### What you need to do
Using the records below, give again exactly the lines from the line that contains "SGK Denetmenleri sahada!" through the line that contains "Futro naturalne lisek", both ends included, and only those.

*** Opening of Records provided ***

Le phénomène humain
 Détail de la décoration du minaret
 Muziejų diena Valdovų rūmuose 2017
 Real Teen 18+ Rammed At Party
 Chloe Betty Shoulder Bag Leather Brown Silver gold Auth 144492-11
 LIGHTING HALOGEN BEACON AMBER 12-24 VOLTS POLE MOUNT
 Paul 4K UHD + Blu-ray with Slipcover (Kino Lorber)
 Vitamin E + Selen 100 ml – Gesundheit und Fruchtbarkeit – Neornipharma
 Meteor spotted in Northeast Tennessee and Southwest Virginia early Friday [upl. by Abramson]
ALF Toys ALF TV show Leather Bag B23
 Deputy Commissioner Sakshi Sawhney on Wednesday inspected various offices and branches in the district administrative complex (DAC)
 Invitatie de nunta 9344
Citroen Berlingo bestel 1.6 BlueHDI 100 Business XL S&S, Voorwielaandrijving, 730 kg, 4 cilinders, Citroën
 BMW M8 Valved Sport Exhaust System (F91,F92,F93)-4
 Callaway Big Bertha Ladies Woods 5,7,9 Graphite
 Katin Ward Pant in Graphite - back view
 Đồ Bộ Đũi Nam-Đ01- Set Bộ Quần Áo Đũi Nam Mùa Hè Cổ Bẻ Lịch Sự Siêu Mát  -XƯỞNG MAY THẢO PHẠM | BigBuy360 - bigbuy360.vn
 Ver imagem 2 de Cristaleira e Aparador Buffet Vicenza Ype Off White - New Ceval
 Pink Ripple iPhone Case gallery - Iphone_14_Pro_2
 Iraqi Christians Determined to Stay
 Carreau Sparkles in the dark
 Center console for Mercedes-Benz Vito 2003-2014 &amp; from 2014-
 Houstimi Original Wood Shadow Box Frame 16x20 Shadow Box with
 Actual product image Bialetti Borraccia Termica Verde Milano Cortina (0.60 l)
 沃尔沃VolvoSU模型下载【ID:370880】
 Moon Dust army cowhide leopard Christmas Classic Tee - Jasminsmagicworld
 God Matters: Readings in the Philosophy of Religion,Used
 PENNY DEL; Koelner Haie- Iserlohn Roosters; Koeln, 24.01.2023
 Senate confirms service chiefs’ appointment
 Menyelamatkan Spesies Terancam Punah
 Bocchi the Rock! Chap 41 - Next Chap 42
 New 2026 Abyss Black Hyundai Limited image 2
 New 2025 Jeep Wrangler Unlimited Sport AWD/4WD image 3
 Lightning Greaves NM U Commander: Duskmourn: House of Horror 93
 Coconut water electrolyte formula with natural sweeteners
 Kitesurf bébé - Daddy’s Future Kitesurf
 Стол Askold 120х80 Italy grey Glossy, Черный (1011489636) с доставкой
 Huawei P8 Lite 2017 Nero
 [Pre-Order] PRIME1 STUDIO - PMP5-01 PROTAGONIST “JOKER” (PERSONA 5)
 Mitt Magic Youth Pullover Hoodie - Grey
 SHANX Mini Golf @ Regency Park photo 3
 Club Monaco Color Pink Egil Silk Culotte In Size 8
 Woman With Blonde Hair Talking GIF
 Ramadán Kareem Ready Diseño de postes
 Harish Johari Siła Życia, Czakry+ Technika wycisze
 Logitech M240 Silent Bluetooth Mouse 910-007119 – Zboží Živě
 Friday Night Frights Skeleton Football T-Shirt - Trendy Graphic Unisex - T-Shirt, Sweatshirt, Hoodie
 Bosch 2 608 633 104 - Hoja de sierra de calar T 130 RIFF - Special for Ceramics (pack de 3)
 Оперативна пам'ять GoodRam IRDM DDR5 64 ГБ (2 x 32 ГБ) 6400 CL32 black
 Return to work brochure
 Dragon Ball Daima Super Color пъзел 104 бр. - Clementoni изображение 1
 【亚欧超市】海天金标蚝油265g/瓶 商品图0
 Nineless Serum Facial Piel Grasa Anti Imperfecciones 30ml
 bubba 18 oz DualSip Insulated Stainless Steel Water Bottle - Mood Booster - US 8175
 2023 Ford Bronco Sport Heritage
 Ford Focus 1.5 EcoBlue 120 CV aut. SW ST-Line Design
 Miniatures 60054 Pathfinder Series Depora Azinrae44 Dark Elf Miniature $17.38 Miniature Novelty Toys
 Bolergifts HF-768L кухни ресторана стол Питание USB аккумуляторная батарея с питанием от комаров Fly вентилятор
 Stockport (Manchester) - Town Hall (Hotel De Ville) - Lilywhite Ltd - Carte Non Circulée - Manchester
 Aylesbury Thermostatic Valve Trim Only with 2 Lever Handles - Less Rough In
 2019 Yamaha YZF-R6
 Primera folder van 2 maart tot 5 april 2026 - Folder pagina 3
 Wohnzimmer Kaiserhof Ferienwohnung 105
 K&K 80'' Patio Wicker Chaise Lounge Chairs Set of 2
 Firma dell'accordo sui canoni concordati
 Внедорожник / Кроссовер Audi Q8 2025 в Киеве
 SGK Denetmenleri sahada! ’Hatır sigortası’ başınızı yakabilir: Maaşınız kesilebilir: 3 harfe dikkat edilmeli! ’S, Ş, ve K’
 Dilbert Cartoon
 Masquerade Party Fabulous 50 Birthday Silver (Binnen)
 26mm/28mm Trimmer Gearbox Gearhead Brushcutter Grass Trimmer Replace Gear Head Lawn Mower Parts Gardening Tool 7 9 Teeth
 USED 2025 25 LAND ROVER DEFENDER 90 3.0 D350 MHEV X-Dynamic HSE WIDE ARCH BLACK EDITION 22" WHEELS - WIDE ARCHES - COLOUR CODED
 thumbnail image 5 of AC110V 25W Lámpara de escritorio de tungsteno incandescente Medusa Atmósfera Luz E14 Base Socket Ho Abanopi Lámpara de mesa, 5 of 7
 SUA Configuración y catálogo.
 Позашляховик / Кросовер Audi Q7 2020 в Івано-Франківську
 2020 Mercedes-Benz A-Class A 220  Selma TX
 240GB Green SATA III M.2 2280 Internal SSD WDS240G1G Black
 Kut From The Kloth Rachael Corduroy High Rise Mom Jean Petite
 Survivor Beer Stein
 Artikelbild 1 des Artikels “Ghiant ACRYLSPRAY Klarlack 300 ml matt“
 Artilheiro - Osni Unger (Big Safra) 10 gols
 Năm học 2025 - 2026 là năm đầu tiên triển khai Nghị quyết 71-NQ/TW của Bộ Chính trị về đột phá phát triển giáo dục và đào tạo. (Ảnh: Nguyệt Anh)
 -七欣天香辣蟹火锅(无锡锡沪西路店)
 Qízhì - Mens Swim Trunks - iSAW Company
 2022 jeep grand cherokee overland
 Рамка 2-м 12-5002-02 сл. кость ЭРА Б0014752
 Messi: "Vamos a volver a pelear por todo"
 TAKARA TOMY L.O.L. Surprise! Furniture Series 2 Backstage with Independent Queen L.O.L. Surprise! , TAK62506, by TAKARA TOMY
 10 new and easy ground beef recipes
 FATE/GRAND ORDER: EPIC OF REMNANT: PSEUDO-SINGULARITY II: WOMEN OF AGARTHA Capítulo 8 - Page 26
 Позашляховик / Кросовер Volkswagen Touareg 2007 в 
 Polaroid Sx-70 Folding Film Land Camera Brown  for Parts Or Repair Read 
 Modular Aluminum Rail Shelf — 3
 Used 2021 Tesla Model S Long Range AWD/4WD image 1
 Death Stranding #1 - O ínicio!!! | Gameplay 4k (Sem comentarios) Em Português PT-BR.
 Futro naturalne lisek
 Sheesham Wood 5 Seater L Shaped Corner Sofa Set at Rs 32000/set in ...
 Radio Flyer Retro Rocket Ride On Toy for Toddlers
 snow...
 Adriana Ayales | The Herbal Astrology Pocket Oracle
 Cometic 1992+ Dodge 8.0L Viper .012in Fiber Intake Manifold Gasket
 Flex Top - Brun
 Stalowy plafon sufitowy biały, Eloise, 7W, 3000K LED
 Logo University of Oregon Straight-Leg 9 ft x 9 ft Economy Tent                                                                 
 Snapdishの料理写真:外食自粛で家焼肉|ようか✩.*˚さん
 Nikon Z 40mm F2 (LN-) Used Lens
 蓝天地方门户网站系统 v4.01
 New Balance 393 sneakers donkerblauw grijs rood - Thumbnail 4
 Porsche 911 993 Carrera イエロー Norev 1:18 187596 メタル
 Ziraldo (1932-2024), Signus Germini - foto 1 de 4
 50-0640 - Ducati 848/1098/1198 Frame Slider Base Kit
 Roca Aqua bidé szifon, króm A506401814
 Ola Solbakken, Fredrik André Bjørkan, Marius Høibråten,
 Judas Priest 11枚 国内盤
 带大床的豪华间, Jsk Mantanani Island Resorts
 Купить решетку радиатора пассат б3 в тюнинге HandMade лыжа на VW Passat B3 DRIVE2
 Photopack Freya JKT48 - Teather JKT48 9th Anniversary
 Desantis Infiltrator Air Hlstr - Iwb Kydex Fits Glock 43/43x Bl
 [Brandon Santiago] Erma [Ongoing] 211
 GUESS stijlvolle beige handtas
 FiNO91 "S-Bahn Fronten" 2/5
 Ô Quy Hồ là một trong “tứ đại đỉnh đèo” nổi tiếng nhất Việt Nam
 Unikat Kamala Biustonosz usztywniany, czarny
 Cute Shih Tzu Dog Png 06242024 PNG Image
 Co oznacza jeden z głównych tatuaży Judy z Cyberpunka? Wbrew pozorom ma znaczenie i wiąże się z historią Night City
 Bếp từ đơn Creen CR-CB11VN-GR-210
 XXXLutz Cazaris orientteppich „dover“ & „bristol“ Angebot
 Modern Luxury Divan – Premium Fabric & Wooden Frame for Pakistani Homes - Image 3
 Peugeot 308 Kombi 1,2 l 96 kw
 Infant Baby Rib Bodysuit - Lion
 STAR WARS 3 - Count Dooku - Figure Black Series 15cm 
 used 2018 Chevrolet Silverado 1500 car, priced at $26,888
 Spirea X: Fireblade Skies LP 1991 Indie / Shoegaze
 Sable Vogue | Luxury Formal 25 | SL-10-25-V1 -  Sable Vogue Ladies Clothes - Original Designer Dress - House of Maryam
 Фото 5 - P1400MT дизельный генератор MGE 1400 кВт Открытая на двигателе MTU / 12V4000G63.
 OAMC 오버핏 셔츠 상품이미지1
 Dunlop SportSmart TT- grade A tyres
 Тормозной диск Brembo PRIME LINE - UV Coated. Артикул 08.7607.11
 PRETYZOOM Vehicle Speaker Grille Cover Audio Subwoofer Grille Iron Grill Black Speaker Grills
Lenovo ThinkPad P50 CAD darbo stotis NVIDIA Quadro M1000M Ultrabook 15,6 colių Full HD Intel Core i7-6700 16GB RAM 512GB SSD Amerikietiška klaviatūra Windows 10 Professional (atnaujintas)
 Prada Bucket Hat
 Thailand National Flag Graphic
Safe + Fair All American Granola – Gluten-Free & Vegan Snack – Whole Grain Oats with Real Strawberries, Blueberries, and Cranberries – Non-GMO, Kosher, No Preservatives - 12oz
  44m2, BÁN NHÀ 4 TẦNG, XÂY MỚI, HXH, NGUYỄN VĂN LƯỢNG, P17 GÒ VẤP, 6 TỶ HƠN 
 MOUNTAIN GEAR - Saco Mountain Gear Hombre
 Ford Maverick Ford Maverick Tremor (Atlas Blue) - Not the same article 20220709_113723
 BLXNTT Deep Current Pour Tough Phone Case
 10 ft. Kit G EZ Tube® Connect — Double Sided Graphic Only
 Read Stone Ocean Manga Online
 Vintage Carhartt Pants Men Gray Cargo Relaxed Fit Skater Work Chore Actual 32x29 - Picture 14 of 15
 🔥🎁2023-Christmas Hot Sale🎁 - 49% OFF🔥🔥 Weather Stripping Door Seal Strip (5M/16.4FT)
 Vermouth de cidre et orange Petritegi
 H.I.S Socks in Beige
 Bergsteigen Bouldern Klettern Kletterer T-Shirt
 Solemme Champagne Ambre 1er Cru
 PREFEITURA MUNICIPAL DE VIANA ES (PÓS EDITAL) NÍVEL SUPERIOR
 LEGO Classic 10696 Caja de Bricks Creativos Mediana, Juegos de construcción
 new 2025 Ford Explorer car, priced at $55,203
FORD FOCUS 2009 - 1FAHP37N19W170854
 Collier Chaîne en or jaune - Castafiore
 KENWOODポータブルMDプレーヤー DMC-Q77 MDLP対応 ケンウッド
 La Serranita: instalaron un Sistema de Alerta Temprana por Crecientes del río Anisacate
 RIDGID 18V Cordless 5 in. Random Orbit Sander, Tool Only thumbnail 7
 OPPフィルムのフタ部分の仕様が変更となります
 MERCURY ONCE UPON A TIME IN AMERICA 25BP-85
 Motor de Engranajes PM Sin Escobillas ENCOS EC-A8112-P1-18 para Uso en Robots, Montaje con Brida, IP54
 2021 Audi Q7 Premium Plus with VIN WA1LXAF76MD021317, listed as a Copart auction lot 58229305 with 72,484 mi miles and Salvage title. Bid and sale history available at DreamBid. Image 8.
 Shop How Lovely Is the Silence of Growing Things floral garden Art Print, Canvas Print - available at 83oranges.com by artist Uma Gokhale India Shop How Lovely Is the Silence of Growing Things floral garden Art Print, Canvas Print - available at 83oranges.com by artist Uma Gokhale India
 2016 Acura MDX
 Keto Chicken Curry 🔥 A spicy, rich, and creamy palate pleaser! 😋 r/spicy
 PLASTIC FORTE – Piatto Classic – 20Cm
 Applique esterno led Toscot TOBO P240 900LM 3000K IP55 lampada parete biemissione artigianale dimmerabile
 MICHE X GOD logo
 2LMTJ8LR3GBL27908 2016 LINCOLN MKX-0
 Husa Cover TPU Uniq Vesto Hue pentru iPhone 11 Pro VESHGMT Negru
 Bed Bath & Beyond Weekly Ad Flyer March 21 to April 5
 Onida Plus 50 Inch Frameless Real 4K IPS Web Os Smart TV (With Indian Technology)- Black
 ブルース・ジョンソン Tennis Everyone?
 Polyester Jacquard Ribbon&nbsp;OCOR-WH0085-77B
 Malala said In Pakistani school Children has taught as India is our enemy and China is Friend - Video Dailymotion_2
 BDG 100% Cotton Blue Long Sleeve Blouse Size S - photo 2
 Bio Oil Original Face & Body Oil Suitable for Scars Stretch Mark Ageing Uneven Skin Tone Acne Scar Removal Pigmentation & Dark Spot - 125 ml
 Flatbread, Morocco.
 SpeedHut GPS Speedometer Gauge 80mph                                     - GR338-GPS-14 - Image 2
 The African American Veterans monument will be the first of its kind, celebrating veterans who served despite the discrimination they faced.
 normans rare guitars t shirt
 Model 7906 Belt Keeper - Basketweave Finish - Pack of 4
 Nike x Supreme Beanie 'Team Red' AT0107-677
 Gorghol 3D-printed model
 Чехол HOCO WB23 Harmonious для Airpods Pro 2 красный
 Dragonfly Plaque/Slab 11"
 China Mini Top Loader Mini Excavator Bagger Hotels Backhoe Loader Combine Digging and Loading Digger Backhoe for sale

*** Close of Records provided ***

### Solution to this problem
 SGK Denetmenleri sahada! ’Hatır sigortası’ başınızı yakabilir: Maaşınız kesilebilir: 3 harfe dikkat edilmeli! ’S, Ş, ve K’
 Dilbert Cartoon
 Masquerade Party Fabulous 50 Birthday Silver (Binnen)
 26mm/28mm Trimmer Gearbox Gearhead Brushcutter Grass Trimmer Replace Gear Head Lawn Mower Parts Gardening Tool 7 9 Teeth
 USED 2025 25 LAND ROVER DEFENDER 90 3.0 D350 MHEV X-Dynamic HSE WIDE ARCH BLACK EDITION 22" WHEELS - WIDE ARCHES - COLOUR CODED
 thumbnail image 5 of AC110V 25W Lámpara de escritorio de tungsteno incandescente Medusa Atmósfera Luz E14 Base Socket Ho Abanopi Lámpara de mesa, 5 of 7
 SUA Configuración y catálogo.
 Позашляховик / Кросовер Audi Q7 2020 в Івано-Франківську
 2020 Mercedes-Benz A-Class A 220  Selma TX
 240GB Green SATA III M.2 2280 Internal SSD WDS240G1G Black
 Kut From The Kloth Rachael Corduroy High Rise Mom Jean Petite
 Survivor Beer Stein
 Artikelbild 1 des Artikels “Ghiant ACRYLSPRAY Klarlack 300 ml matt“
 Artilheiro - Osni Unger (Big Safra) 10 gols
 Năm học 2025 - 2026 là năm đầu tiên triển khai Nghị quyết 71-NQ/TW của Bộ Chính trị về đột phá phát triển giáo dục và đào tạo. (Ảnh: Nguyệt Anh)
 -七欣天香辣蟹火锅(无锡锡沪西路店)
 Qízhì - Mens Swim Trunks - iSAW Company
 2022 jeep grand cherokee overland
 Рамка 2-м 12-5002-02 сл. кость ЭРА Б0014752
 Messi: "Vamos a volver a pelear por todo"
 TAKARA TOMY L.O.L. Surprise! Furniture Series 2 Backstage with Independent Queen L.O.L. Surprise! , TAK62506, by TAKARA TOMY
 10 new and easy ground beef recipes
 FATE/GRAND ORDER: EPIC OF REMNANT: PSEUDO-SINGULARITY II: WOMEN OF AGARTHA Capítulo 8 - Page 26
 Позашляховик / Кросовер Volkswagen Touareg 2007 в 
 Polaroid Sx-70 Folding Film Land Camera Brown  for Parts Or Repair Read 
 Modular Aluminum Rail Shelf — 3
 Used 2021 Tesla Model S Long Range AWD/4WD image 1
 Death Stranding #1 - O ínicio!!! | Gameplay 4k (Sem comentarios) Em Português PT-BR.
 Futro naturalne lisek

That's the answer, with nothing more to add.